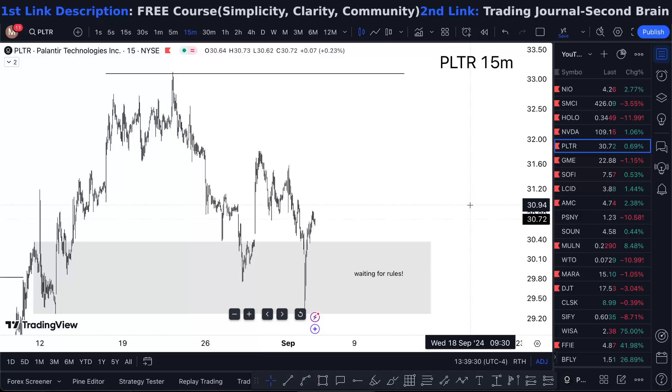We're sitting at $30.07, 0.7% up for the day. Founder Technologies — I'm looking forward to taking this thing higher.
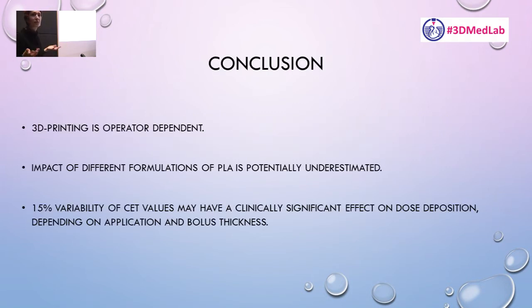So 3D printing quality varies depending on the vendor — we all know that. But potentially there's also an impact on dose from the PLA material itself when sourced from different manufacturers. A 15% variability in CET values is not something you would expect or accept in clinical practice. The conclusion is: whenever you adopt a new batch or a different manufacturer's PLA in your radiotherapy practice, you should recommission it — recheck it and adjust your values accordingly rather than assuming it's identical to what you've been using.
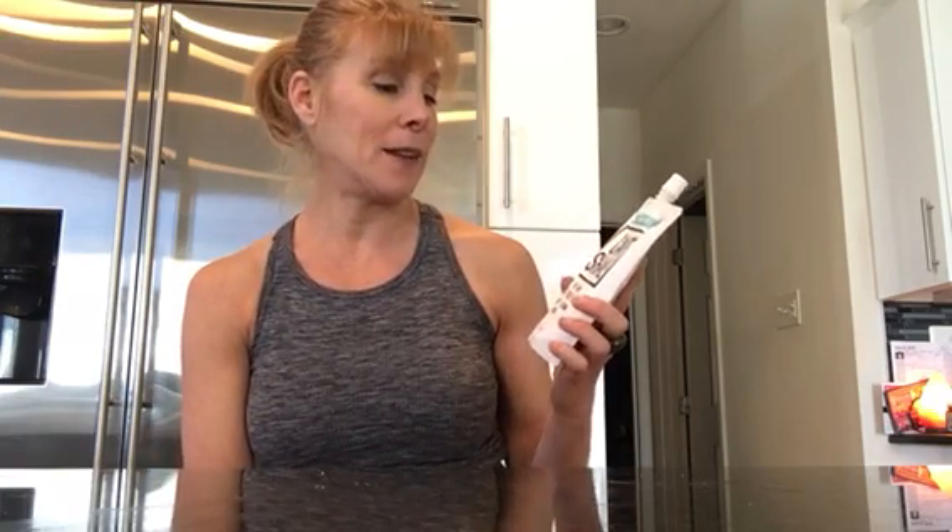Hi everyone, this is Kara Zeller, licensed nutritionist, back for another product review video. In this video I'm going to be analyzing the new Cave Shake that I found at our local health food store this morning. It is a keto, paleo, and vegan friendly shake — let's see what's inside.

##############################

— The task —
Give again, word for word, the lines above from the one with "So 3D printing" through the final line of the data, both ends included. Do not copy any picture.

— The completed task —
So 3D printing quality varies depending on the vendor — we all know that. But potentially there's also an impact on dose from the PLA material itself when sourced from different manufacturers. A 15% variability in CET values is not something you would expect or accept in clinical practice. The conclusion is: whenever you adopt a new batch or a different manufacturer's PLA in your radiotherapy practice, you should recommission it — recheck it and adjust your values accordingly rather than assuming it's identical to what you've been using.
Hi everyone, this is Kara Zeller, licensed nutritionist, back for another product review video. In this video I'm going to be analyzing the new Cave Shake that I found at our local health food store this morning. It is a keto, paleo, and vegan friendly shake — let's see what's inside.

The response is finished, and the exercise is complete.